Cruising the South China Sea to Bangkok

On December 12 we arrived at the port of Laem Chabang in Thailand. The disadvantage of this Asian cruise was that the port cities were located about two hours from the major cities, meaning four hours total just to get into and out of the city. This severely limited the type of tours we could do, since the ship would sail without you if you got stuck in traffic on the way back (with the exception of ship-sponsored tours where they will wait a short time).

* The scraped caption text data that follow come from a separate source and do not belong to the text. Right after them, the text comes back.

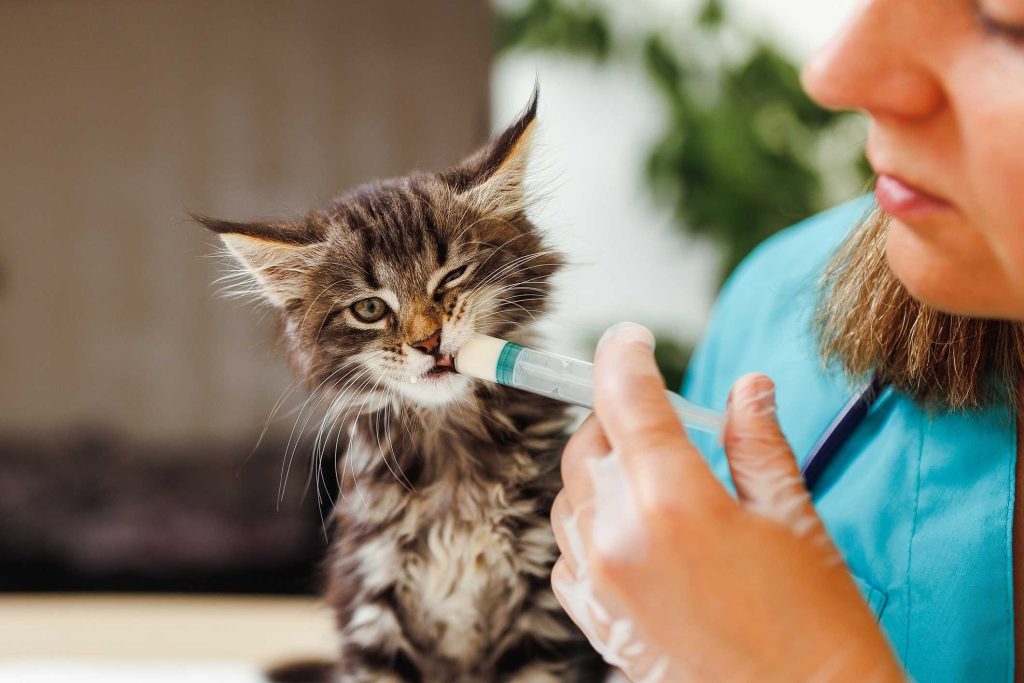 Nationwide recall hits certain pet meds over potency concerns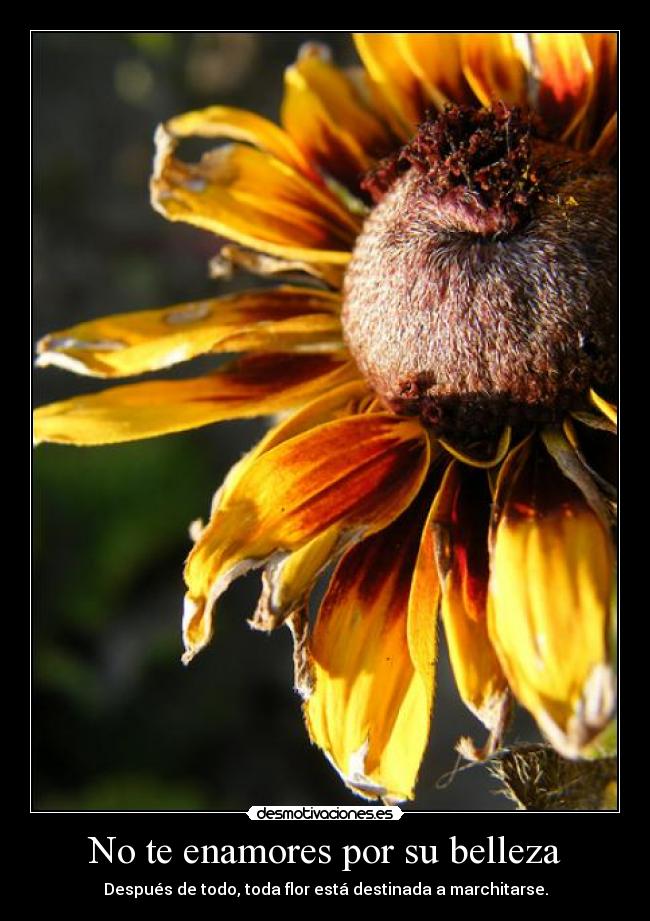 No te enamores por su belleza -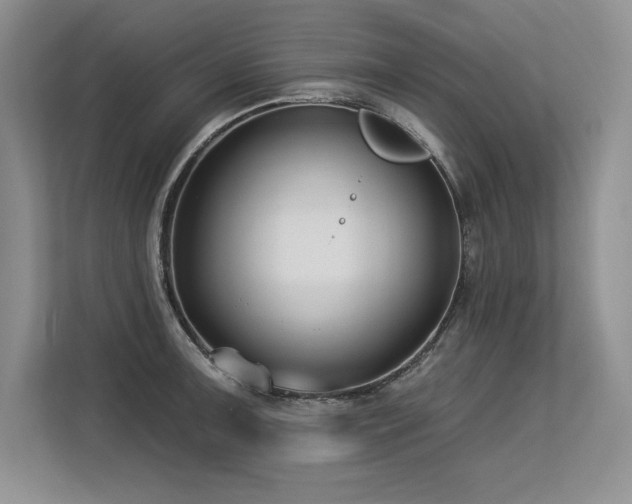 X0000113581091200909181302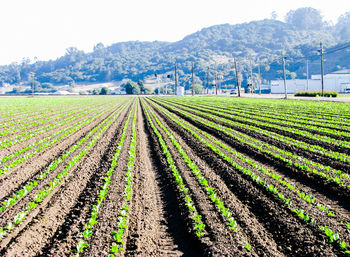 Scenic view of agricultural field against sky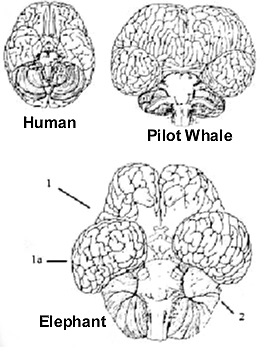 Human, pilot whale and elephant brains up to scale. (1)-cerebrum (1a)-temporal lobe and (2)-cerebell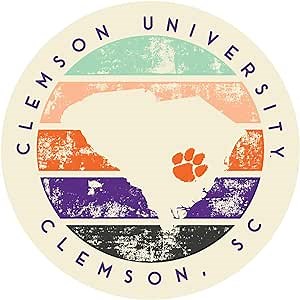 NCAA Clemson Tigers Unisex 4" Vinyl Sticker - State & Circle Stripes Stamp, Multi, One Size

These enterprising women had set up shop on the dock and were offering Thai massage at bargain basement prices.
We had a half day so we decided to take a taxi into a local shopping mall to see if we could buy some miscellaneous computer supplies. The mall turned out to be very nice and the top floor was a warren of small tech-type companies with great prices on computers, mice, etc.  Next on our list was relaxation and we found a Thai massage place just outside the mall. We were led up three flights of stairs to a small Japanese screened room where two young Thai women gave us the most wonderful hour of pure bliss. Thai massage is unique in that they sit on your back,  (they are very light) and use their entire body weight to pull and stretch your various muscles. At US$ 7 an hour I could have stayed all day. They also tend to laugh and giggle a lot, especially when trying to bend one of my tree trunk legs.

The next day we grabbed an early breakfast for the 7:30 am departure from the port to downtown Bangkok and then joined the hoards of people boarding a fleet of tour buses heading to various destinations. Our tour guide talked the entire two hours to the city, but we did learn a lot about Thailand, it’s economy and culture. Thailand is a more popular tourist destination than London, and with over 8 million residents, it’s like a bustling beehive of activity.

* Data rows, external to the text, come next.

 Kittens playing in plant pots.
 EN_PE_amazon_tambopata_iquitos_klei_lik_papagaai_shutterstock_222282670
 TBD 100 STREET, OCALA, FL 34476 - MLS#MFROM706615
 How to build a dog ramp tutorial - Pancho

Bangkok has always had some of the worse traffic in the world and we learned it hadn’t gotten any better since our first visit in the 1970s. How the bus drivers maneuver the huge tour buses through the myriad of cars and motorcycles is a mystery to me; you are waiting for pending disaster around every turn.

Elephant sculptures are frequent in Thai architecture.
Huge crowds of Thais queue to morn the death of the highly popular King Bhumibol Adulyadej, who died at the age of 88 in October of 2016.


Memorial to the recently deceased King are everywhere in Bangkok.
Our tour group formed and unformed like a protoplasm under a microscope.

The golden Wat Phra Kaew or the Temple of the Emerald Buddha.

Our first destination was the Grand Palace, home to the Kings of Siam for centuries. Situated along the Chao Phraya River, the palace complex stretches for about one half mile in each direction and is surrounded by four walls.  The palace complex is made up of numerous buildings, temples, halls, gardens and courtyards, all dominated by the Grand Palace building. 






Since Meryl and I have traveled independently most of our lives, it took us awhile to get used to the regimented “tour guide” style of site seeing. With all the different nationalities represented in our group it was a little like herding wet cats most of the time, and a little like Roller Derby bouncing your way off hot sweaty bodies in the confines of the Palace complex. We enjoyed the tour, but yearned for the more laid back independent style of touring we were used to.

Wat Arun, the Temple of the Morning Light.

The temple is covered by thousands of small ceramic tiles.

This is the place to buy your buddha statues.
We were next bused to a nearby hotel for a nice buffet lunch (and a chance to grab some quick Internet) and then on to Wat Arun, the "Temple of the Morning Light." It consists of hundreds of thousands of small ceramic tiles, all set in precise order to portray a luminosity when struck by the morning light.

Our last stop was the Royal Barge Museum where the huge (wait for it) Royal Barges are kept in a large floating moorage building. Every year the barges are brought out and sailed down the river amid nationalistic pageantry. As much as I like anything that floats and is similar to a boat, I have to say we were pretty wiped out by the crowds and heat and looked forward to the bus ride back to Phu My and our air conditioned cabin.